> **Data**
_____

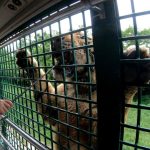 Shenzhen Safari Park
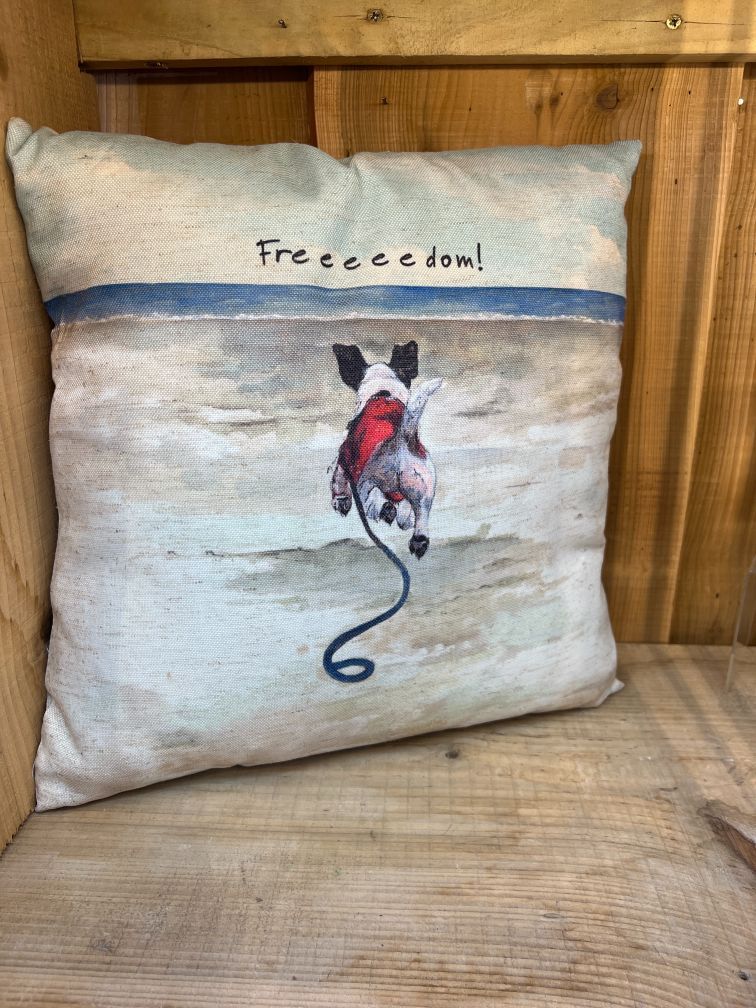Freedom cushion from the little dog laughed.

_____

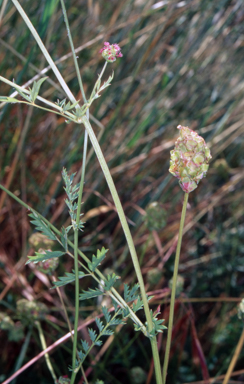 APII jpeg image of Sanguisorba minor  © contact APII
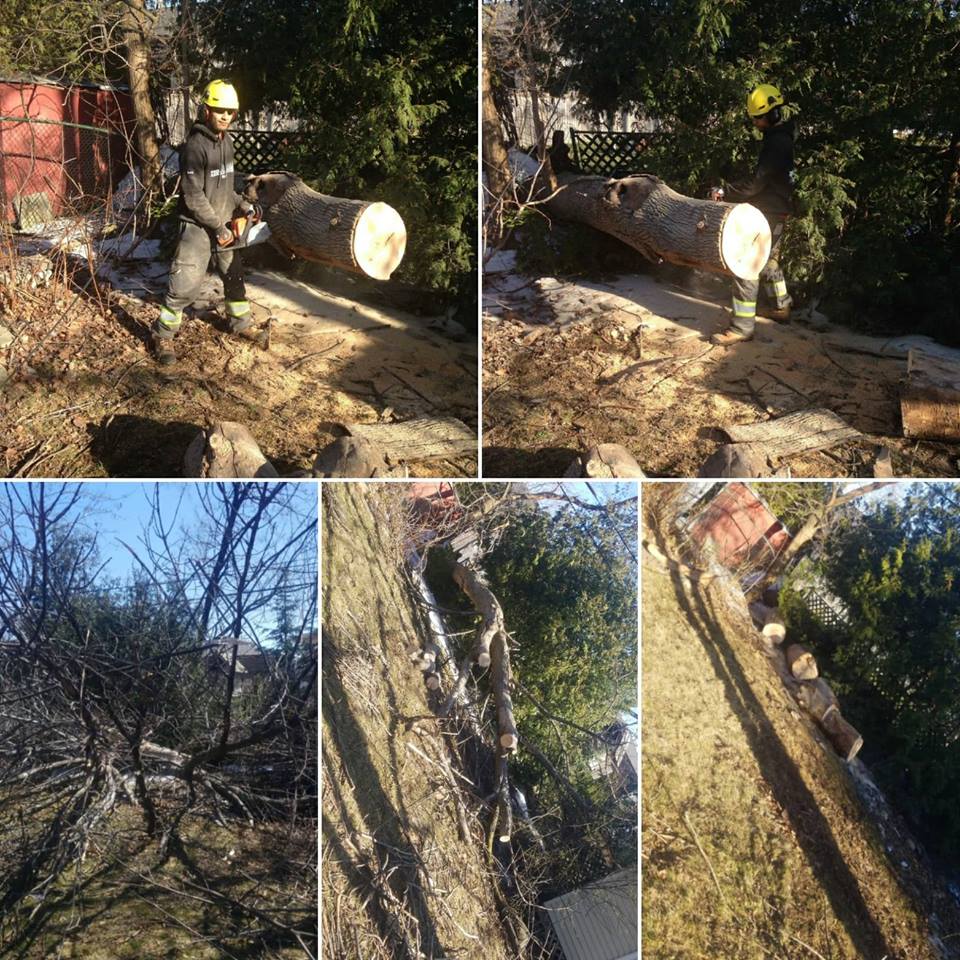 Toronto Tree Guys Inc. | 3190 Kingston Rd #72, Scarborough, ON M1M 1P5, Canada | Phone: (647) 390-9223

_____

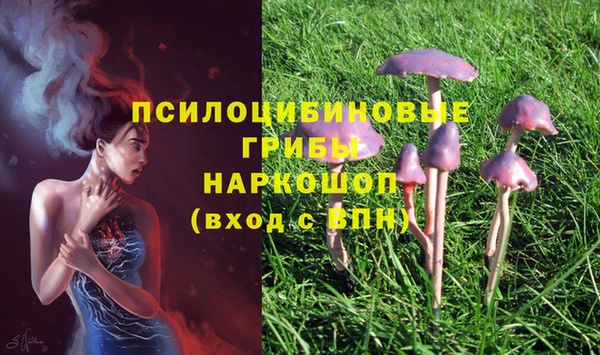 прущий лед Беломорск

_____

> **Exercise**
In the listing above, find the line containing "Shenzhen Safari Park" and the line containing "Freedom cushion from the little dog laughed.", then print exactly those two lines and every line between them, minus the pictures.

> **Reply**
 Shenzhen Safari Park
Freedom cushion from the little dog laughed.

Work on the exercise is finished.